L’arrivée sous la coupole de la nouvelle Bourse du Commerce est impressionnante : sous la majestueuse verrière restaurée, qui plafonne à 35 mètres de hauteur et inonde de lumière le cœur du bâtiment, la sculpture en cire d’Urs Fischer trône au centre de la Rotonde redessinée par l’un des maîtres de l’architecture contemporaine, Tadao Ando, associé avec les architectes Lucie Niney et Thibault Marca (agence NeM) et l’architecte en chef des monuments historiques Pierre-Antoine Gatier. C’est fabuleux comme l’architecture de béton minimaliste de Tadao Ando – un « simple » cylindre de 29 mètres de diamètres et de 9 mètres de haut – réussit l’exploit de relier le style d’un bâtiment érigé au XVIe siècle au design du XXIe siècle. C’était d’ailleurs le principal objectif de l’architecte japonais : ” L’architecture comme un trait d’union entre le passé, le présent et le futur. ”

L’extérieur de la Bourse du Commerce depuis le jardin Nelson Mandela. À gauche, on distingue le haut de la colonne Médicis.

Entrée de la Bourse du Commerce -collection Pinault.

La splendide verrière qui surmonte la rotonde permet à la lumière de pénétrer à flot dans le musée et d’éclairer la fresque qui dépeint le commerce sur les cinq continents.
Du palais Médicis au musée d’art contemporain
Car avant d’être un musée d’art contemporain abritant les œuvres de la collection Pinault, la Bourse du Commerce a d’abord été un palais construit à la demande de Catherine de Médicis au XVIe siècle.
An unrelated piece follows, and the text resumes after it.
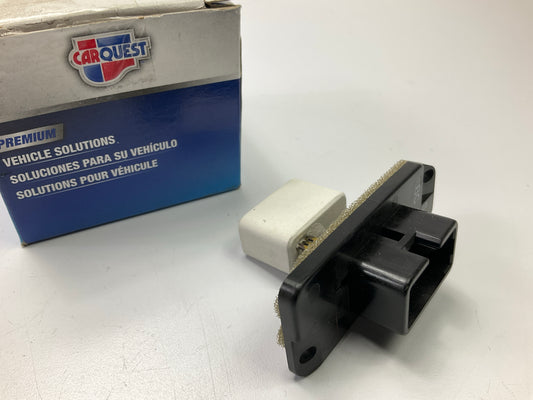 Carquest RUC1253 AC Blower Resistor 1999-01 Toyota Camry, Solara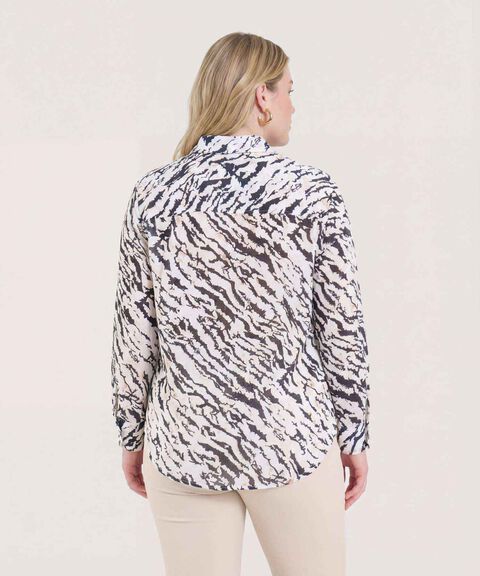 camisas para mujer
Le seul vestige subsistant de ce palais est la colonne astronomique cannelée, dite Colonne Médicis, qui est visible depuis l’extérieur au sud du bâtiment. Au XVIIIe siècle, une halle aux blés est construite sur les lieux, idéalement situés proches de la Seine sur laquelle circulaient les bateaux chargés de grains. C’est de cette période que date l’escalier à double révolution qui permettait au personnel administratif et aux négociants de ne pas croiser les hommes chargés des sacs de grains. Aujourd’hui, cet escalier est superbement mis en valeur grâce aux luminaires imaginés par les designers Ronan et Erwan Bouroullec, qui ont également signé l’aménagement intérieur et extérieur du nouveau musée.

Les luminaires signés Ronan et Erwan Bouroullec magnifient l’escalier à double révolution construit lorsque le bâtiment était une halle aux blés.
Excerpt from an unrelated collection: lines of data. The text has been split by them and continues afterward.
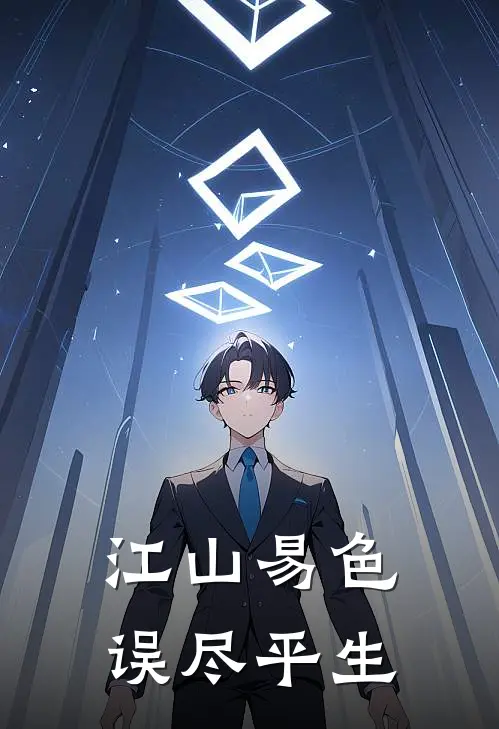 江山易色，误尽平生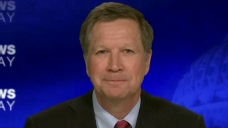 john kasich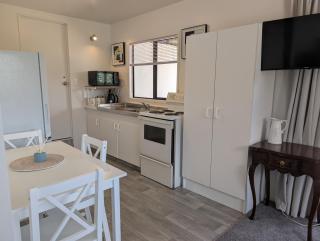 The Garden Flat - 6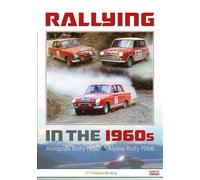 Various - Rallying in The 1960s [Import]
Dans l’escalier à double révolution qui offre des vues sur le jardin Nelson Mandela, la Canopée des Halles et l’église Saint-Eustache.
L’incroyable cylindre de béton de Tadao Ando
Cet escalier donne accès, tout comme celui situé sur la face externe du cylindre gris clair créé par Tadao Ando, aux galeries d’exposition ainsi qu’au promenoir qui couronne le cylindre et offre des angles de vue inédits sur le bâtiment. On aperçoit ainsi l’œuvre d’Urs Fischer en contrebas ainsi que le magnifique panorama marouflé de 1889, qui dépeint le commerce mondial sur les 1 400 m² de la voûte. Je vous conseille de suivre l’une des visites « flash » organisées tout au long de la journée (pas besoin de réservation) : elles retracent l’histoire du bâtiment et lèvent notamment le voile sur cette gigantesque fresque.
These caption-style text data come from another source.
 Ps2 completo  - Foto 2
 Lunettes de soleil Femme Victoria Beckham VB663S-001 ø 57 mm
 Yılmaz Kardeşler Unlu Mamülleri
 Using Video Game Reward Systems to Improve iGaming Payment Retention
Depuis le promenoir situé au sommet du cylindre de béton.

Le cylindre de Tadao Ando s’intègre parfaitement dans le bâtiment historique de la Bourse du Commerce.

De l’espace d’exposition à la verrière, la vue est incroyable lorsqu’on pénètre dans le musée.

Même s’il est en béton, le cylindre donne une sensation de légèreté et installe son cercle parfait dans celui de la Bourse du Commerce, classé Monument historique.
L’œuvre d’Urs Fischer, monument à l’impermanence
Depuis l’ouverture de ce nouvel écrin de la collection Pinault fin mai 2021, j’ai eu l’occasion de m’y rendre deux fois et de pouvoir ainsi observer l’évolution de l’œuvre d’Urs Fischer, un groupe de bougies monumentales dont la cire imite à la perfection la texture des objets représentés : le marbre de la réplique exacte de L’enlèvement des Sabines de Giambologna, le bois et le plastique des assises répondant à la fresque de la coupole sur le commerce mondial – sièges traditionnels africains, sièges d’avion et chaise de jardin – et la peau de l’effigie de l’artiste Rudolf Stingel, ami d’Urs Fischer. Chaque matin, avant l’arrivée du public, le personnel de la Bourse de Commerce allume l’œuvre en cire, chaque mèche étant éteinte tous les soirs. Entre mes deux visites, l’œuvre s’était ainsi consumée, les têtes des statues et les dossiers des sièges avaient presque complètement disparu, montrant la fragilité et le côté éphémère de ce qui semblait pérenne de prime abord.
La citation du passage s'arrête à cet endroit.